The first ship into the $177 million International Cruise Terminal of Brisbane (Queensland Australia) should have been P&O Australia's 245-m-long Pacific Dawn (now Ambassador Ambience) on October 3, 2020.
Instead, the first vessel to dock at the Brisbane International Cruise Ship Terminal is the Navy’s HMAS Choules, which is in Port Brisbane until Wednesday, September 1, after work in Cairns and Townsville QLD.
This was the ship and crew that rescued thousands of Australians crowded onto Victoria’s Mallacoota beach threatened by bushfires early January 2020.
The 16,000 GT HMAS Choules is 24 m wide, 176 m long, classed as an amphibious Landing Ship Dock, and commissioned by the Royal Australian Navy back in December 2011.

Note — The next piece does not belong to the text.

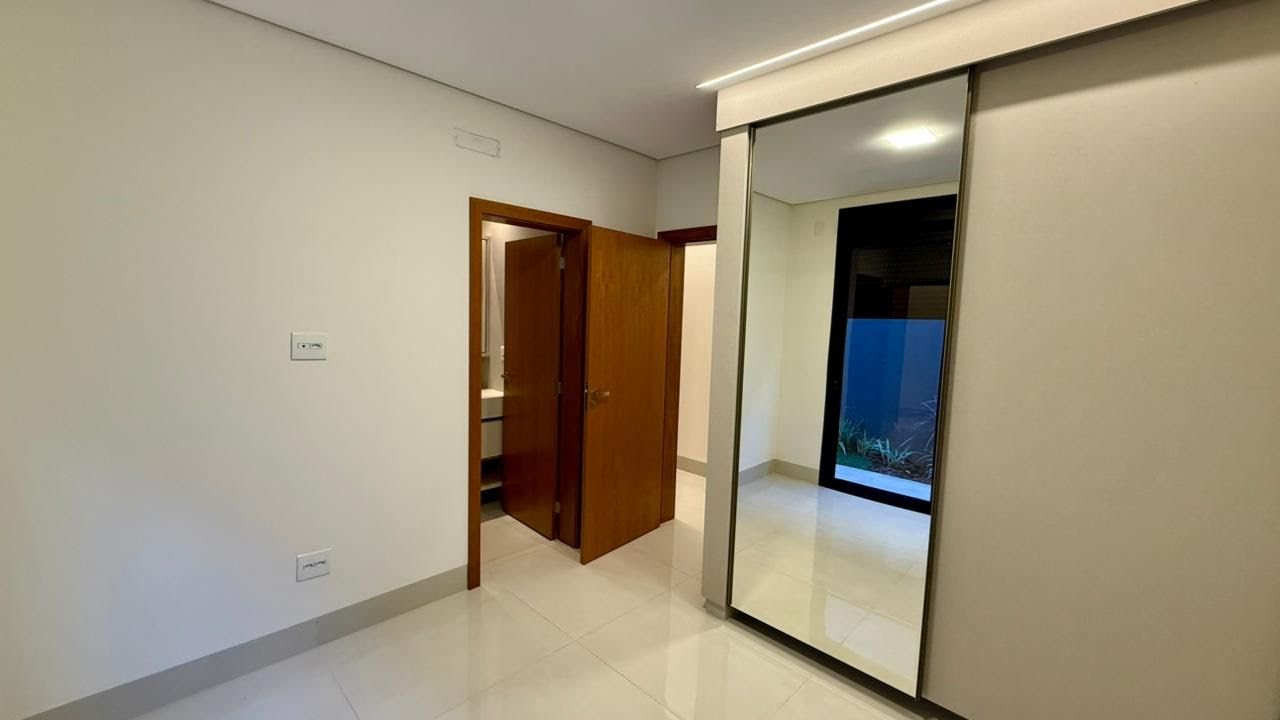 Casa à venda com 4 quartos, 4 suítes, 4 vagas e 263m² no Loteamento Terras de Siena, Ribeirão Preto (SP) — foto 20 de 30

HMAS Choules docked in Brisbane Australia just before midday on Friday, August 27, and by early afternoon her 158 crew began a weekend’s shore leave.
The Brisbane International Cruise Terminal looks like an airport arrival/destination terminal, with full-length windows and a high-pitched, sloping roof. Portside will continue to dock smaller-to-medium cruise ships. Anything 270+ metres will dock at the new Brisbane International Cruise Terminal.

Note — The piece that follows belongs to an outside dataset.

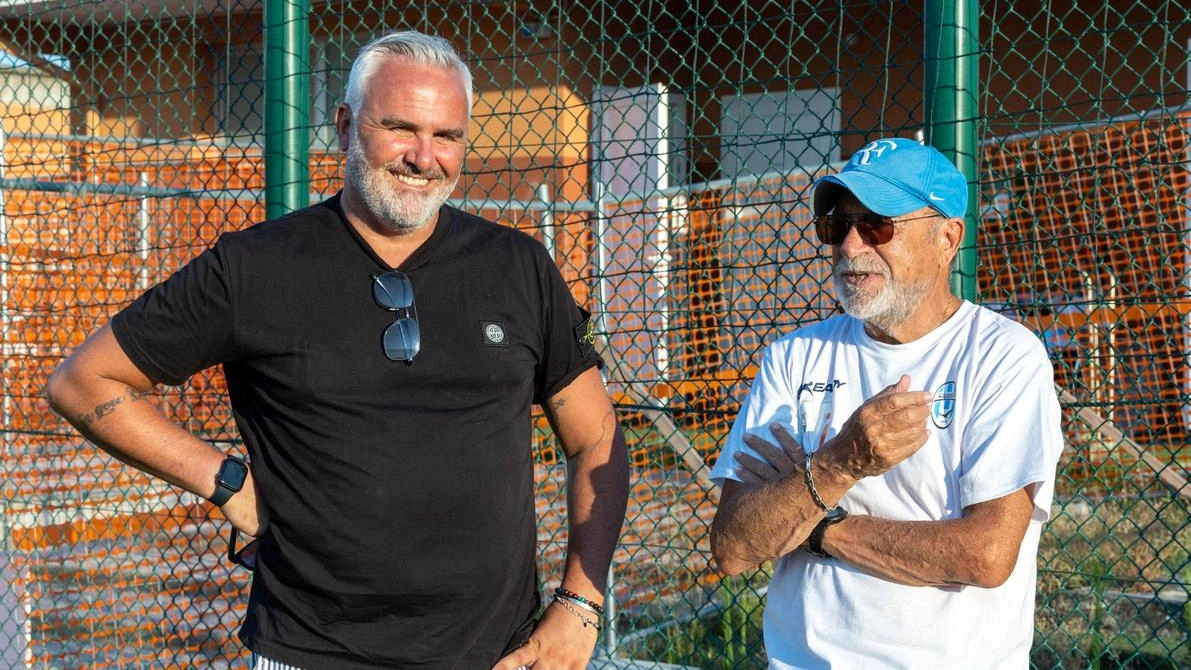 Il Valdinievole Montecatini inizia la preparazione per il campionato di Promozione con l'ossatura della squadra dello scorso anno. Mister Pellegrini punta sul lavoro di gruppo e sulla fortuna, mentre il direttore sportivo Pisani sottolinea l'importanza di lavorare senza pressioni. Il Valdinievole Montecatini inizia la preparazione per il campionato di Promozione con l'ossatura della squadra dello scorso anno. Mister Pellegrini punta sul lavoro di gruppo e sulla fortuna, mentre il direttore sportivo Pisani sottolinea l'importanza di lavorare senza pressioni.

HMAS Choules docked at the Terminal because there were no alternative docking locations available. She is a multi-purpose Navy landing platform, able to carry up to 700 troops, 150 light trucks, and 23 Abrams tanks.
HMAS Choules ferried thousands stranded by Mallacoota bushfires in Victoria in January last year. The vessel is also a specialist mobile landing base for Navy helicopters such as the MRH-90 Taipan and MH-60R Seahawk and Australian Army’s S-70A Black Hawk, with a flight deck that can accommodate 2 large choppers. Between March 2013-April 2014 it clocked up 1000 deck landings of Blackhawks, Seahawk, and MRH-90 helicopters.
HMAS Choules departed her home port Garden Island WA in Sydney Australia in mid-June. Following the visit to the port of Brisbane, the ship and her crew will sail back to Sydney.